Reputation: 56219
Looks like an easy task, can't figure out a simpler way. I have an x
vector below, and need to create group names for consecutive values. My attempt was using rle
, better ideas?
# data
x <- c(1,1,1,2,2,2,3,2,2,1,1)
# make groups
rep(paste0("Group_", 1:length(rle(x)$lengths)), rle(x)$lengths)
# [1] "Group_1" "Group_1" "Group_1" "Group_2" "Group_2" "Group_2" "Group_3" "Group_4"
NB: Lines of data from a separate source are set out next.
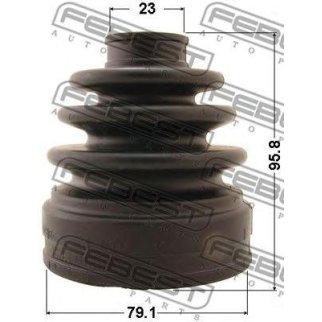 0215-L32T_к-кт пыльника ШРУСа внутр.! Mazda 6,MitsubishiOutlander,Nissan Qashqai 1.8/2.0/2.4 02&gt; фото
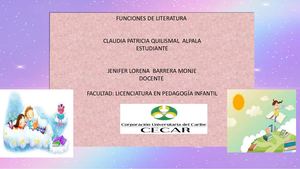 Funcion De La Literatura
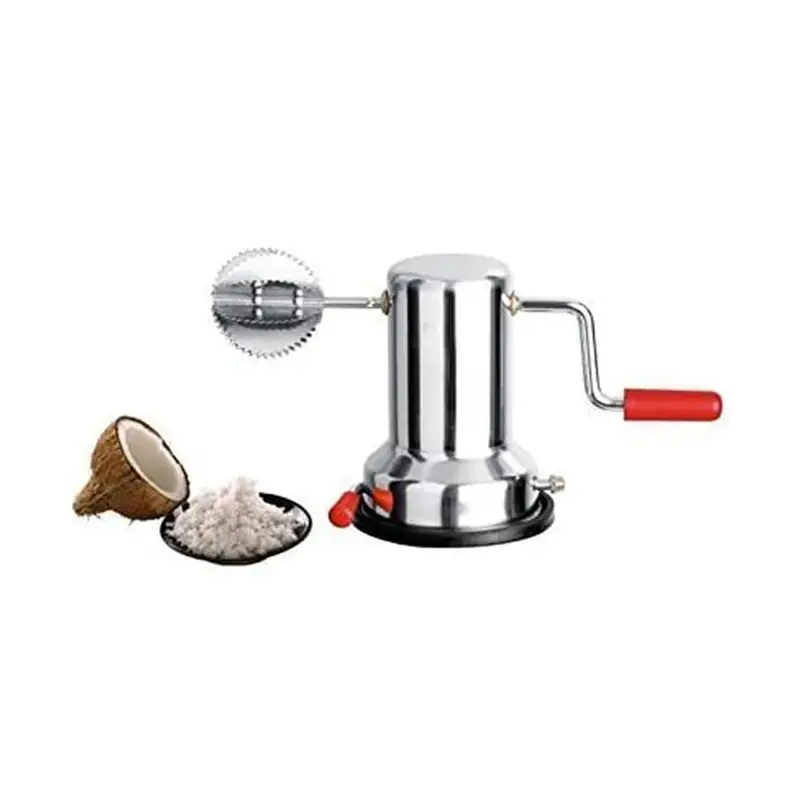 Mazda Stainless Steel Vacuum-Press Coconut Scraper – Ergonomic & Efficient 1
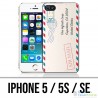 IPhone 5 / 5S / SE Fall - Luftpost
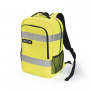 Dicota HI-VIS Base 24 L reppu keltainen | Toimistotukku Talka Oy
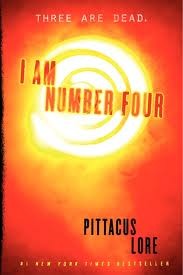 Pittacus Lore: I am Number 4 (2011, Harper Collins)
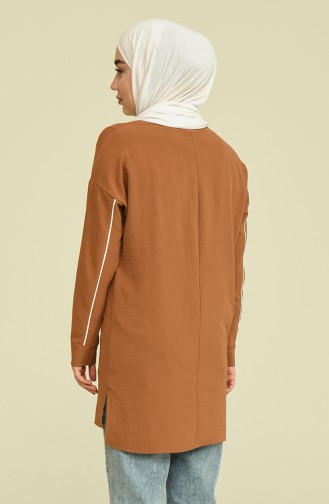 Brown Tunics 55631-01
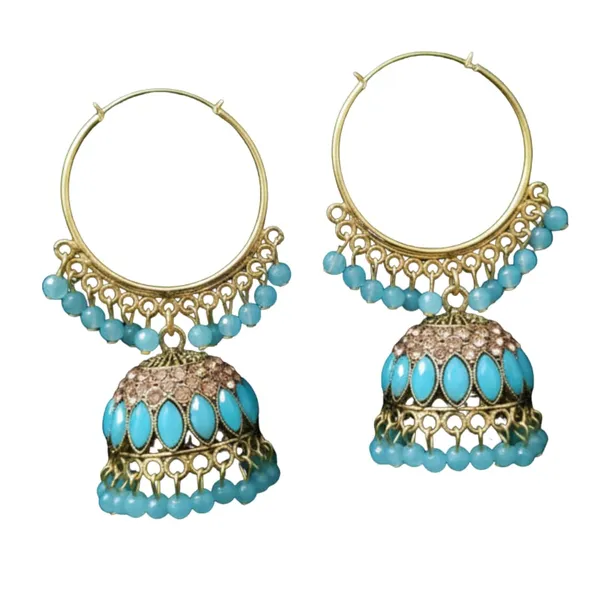 Blue_Alloy_Steel_Premium_Earrings_For_Women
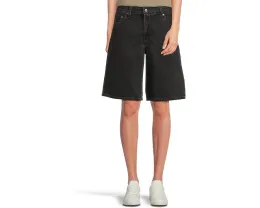 Шорты Levi's Premium Baggy Dad Jort из денима с прямым кроем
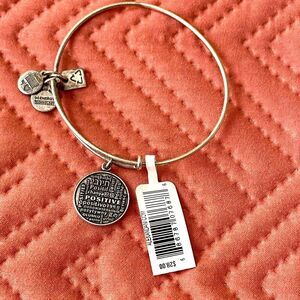 Alex and Annie vintage positive charm bracelet.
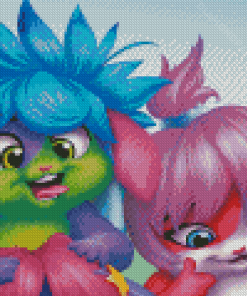 The Popples Diamond Paintings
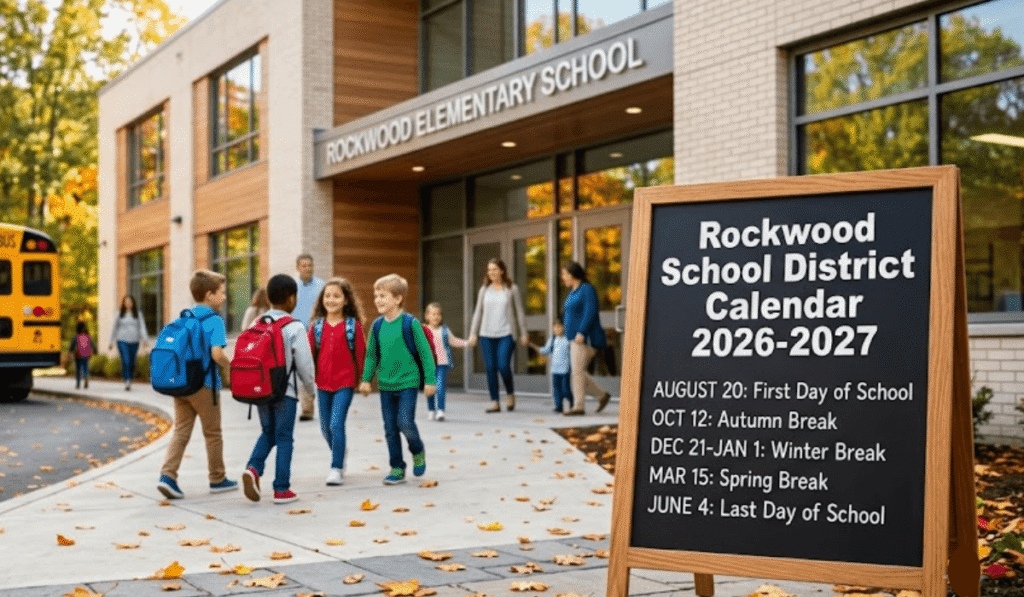 Rockwood School District Calendar 2026-2027 | Printable PDF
# [9] "Group_4" "Group_5" "Group_5"
Upvotes: 8
Views: 1351
Reputation: 51592
Using rleid
from data.table
,
library(data.table)
rleid(x, prefix = "Group_")
#[1] "Group_1" "Group_1" "Group_1" "Group_2" "Group_2" "Group_2" "Group_3" "Group_4" "Group_4" "Group_5" "Group_5"
Upvotes: 11
Reputation: 181
group() from groupdata2 can create groups from a list of group starting points, using the l_starts
method. By setting n
to auto
, it automatically finds group starts:
x <- c(1,1,1,2,2,2,3,2,2,1,1)
groupdata2::group(x, n = "auto", method = "l_starts")
## # A tibble: 11 x 2
## # Groups: .groups [5]
## data .groups
## <dbl> <fct>
## 1 1 1
## 2 1 1
## 3 1 1
## 4 2 2
## 5 2 2
## 6 2 2
## 7 3 3
## 8 2 4
## 9 2 4
## 10 1 5
## 11 1 5
There's also the differs_from_previous()
function which finds values, or indices of values, that differ from the previous value by some threshold(s).
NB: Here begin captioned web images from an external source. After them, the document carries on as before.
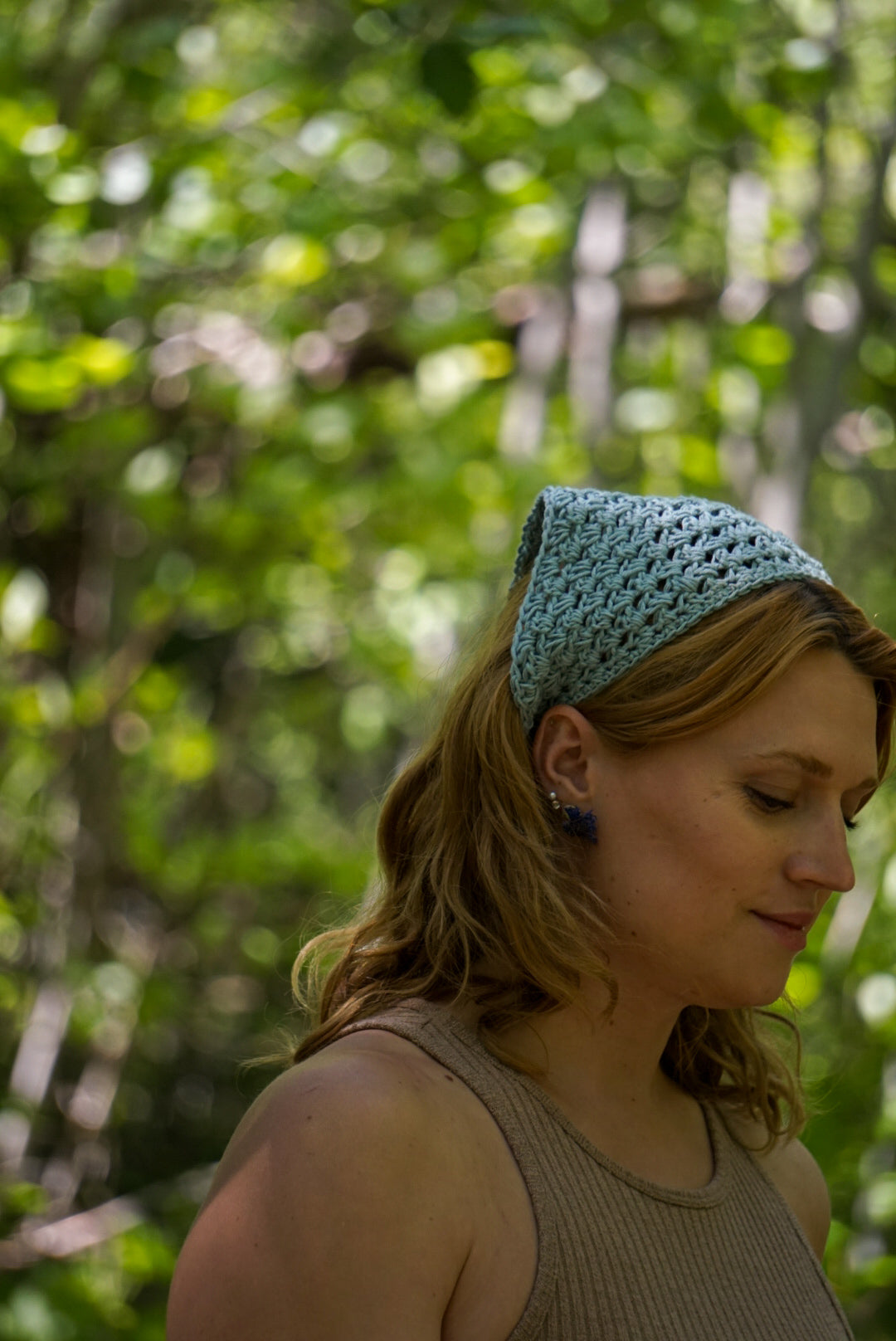 Crochet 🧶 Bandana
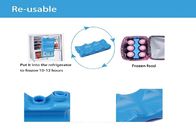 Cool Coolers Ice Packs for Lunch Boxes ,Reusable Lunch Ice Packs for Coolers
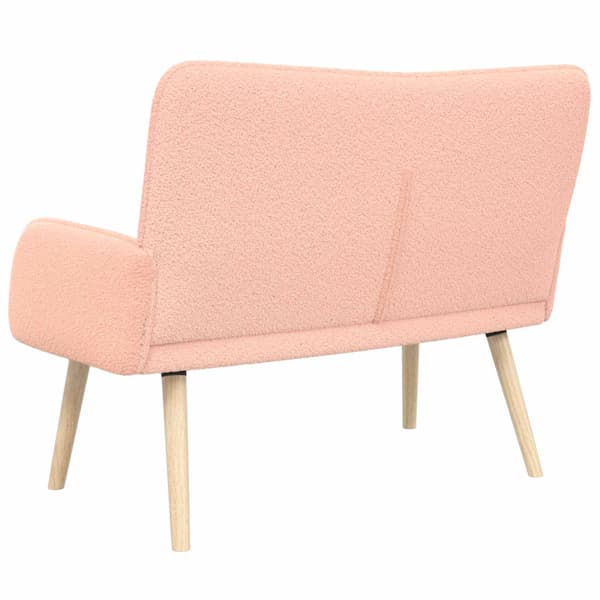 2-sits soffa Rosa 115 x 61 x 87 cm Bouclé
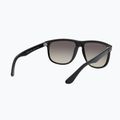 Окуляри сонцезахисні Ray-Ban Boyfriend black/grey gradient 6
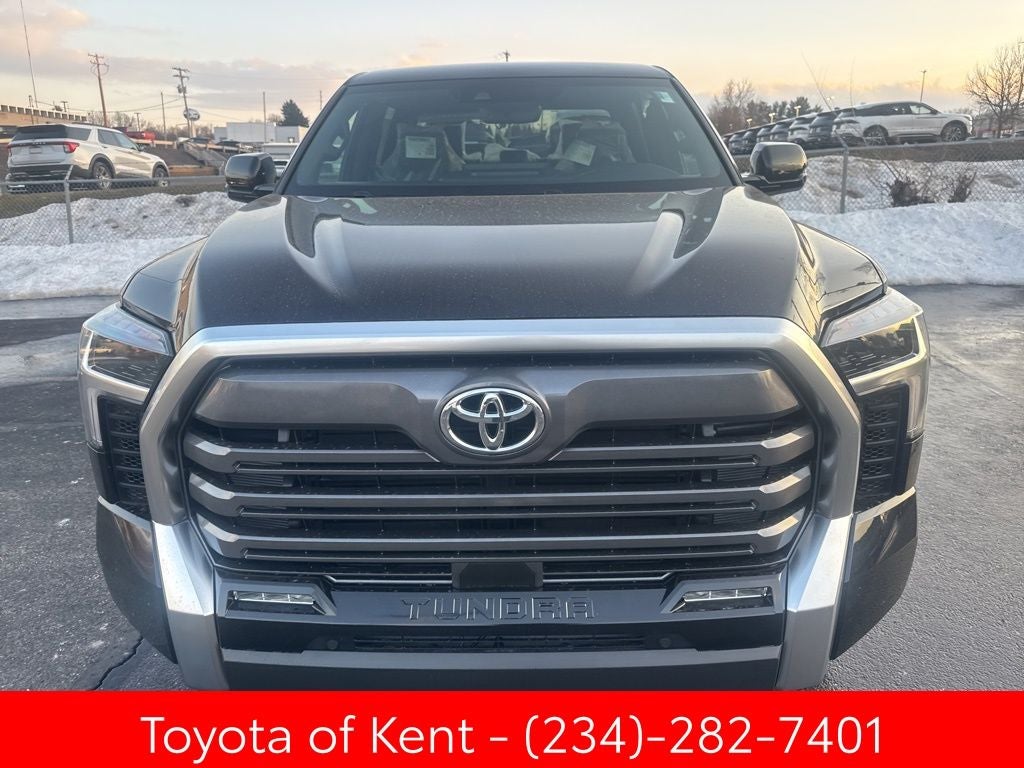2026 Toyota Tundra Limited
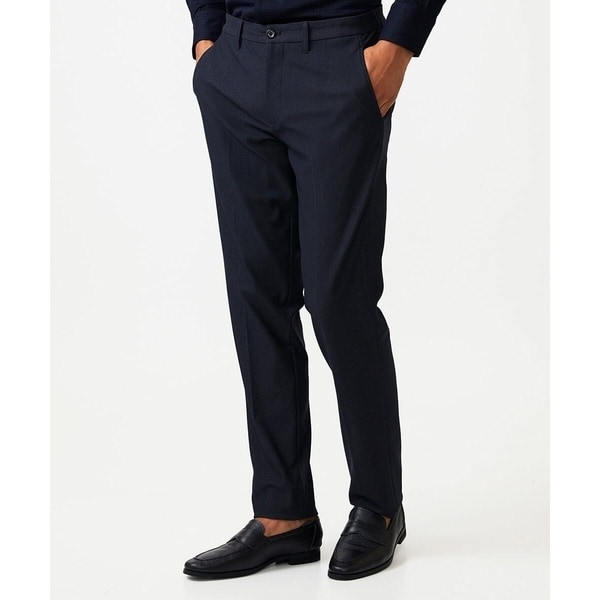 裏起毛】ツイル テーパードパンツ | ベータ・メン(BMEN) | マルイ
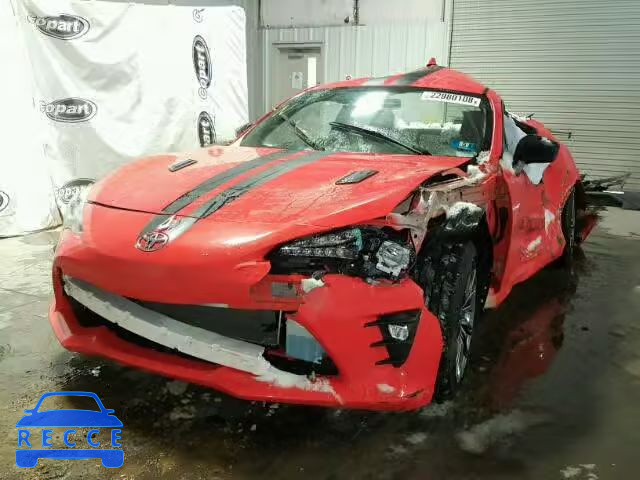 2017 TOYOTA 86 BASE JF1ZNAA15H8707488 image 1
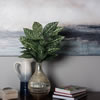 Vickerman Artificial Green and White Zebra Plant - view 2 of 3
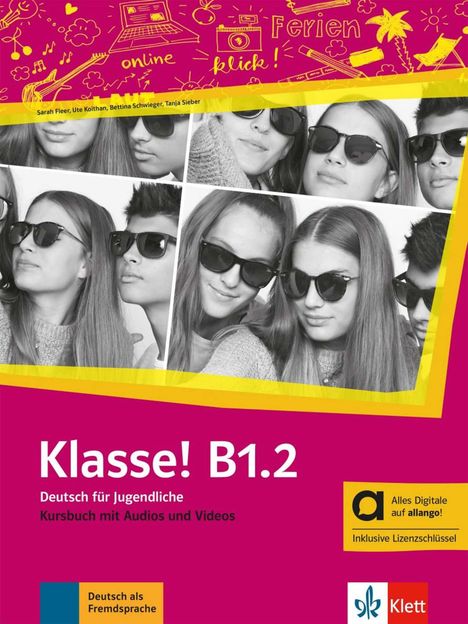 Klasse! B1.2 - Hybride Ausgabe allango, 1 Buch und 1 Diverse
# The values to start groups at
differs_from_previous(x, threshold = 1,
direction = "both")
## [1] 2 3 2 1
# The indices to start groups at
differs_from_previous(x, threshold = 1,
direction = "both",
return_index = TRUE)
## [1] 4 7 8 10
Upvotes: 2
Reputation:
Using cumsum but not relying on the data being numeric:
paste0("Group_", 1 + c(0, cumsum(x[-length(x)] != x[-1])))
[1] "Group_1" "Group_1" "Group_1" "Group_2" "Group_2" "Group_2" "Group_3" "Group_4" "Group_4" "Group_5" "Group_5"
Upvotes: 3
Reputation: 132949
Using diff
and cumsum
:
paste0("Group_", cumsum(c(1, diff(x) != 0)))
#[1] "Group_1" "Group_1" "Group_1" "Group_2" "Group_2" "Group_2" "Group_3" "Group_4" "Group_4" "Group_5" "Group_5"
(If your values are floating point values, you might have to avoid !=
and use a tolerance instead.)
Upvotes: 10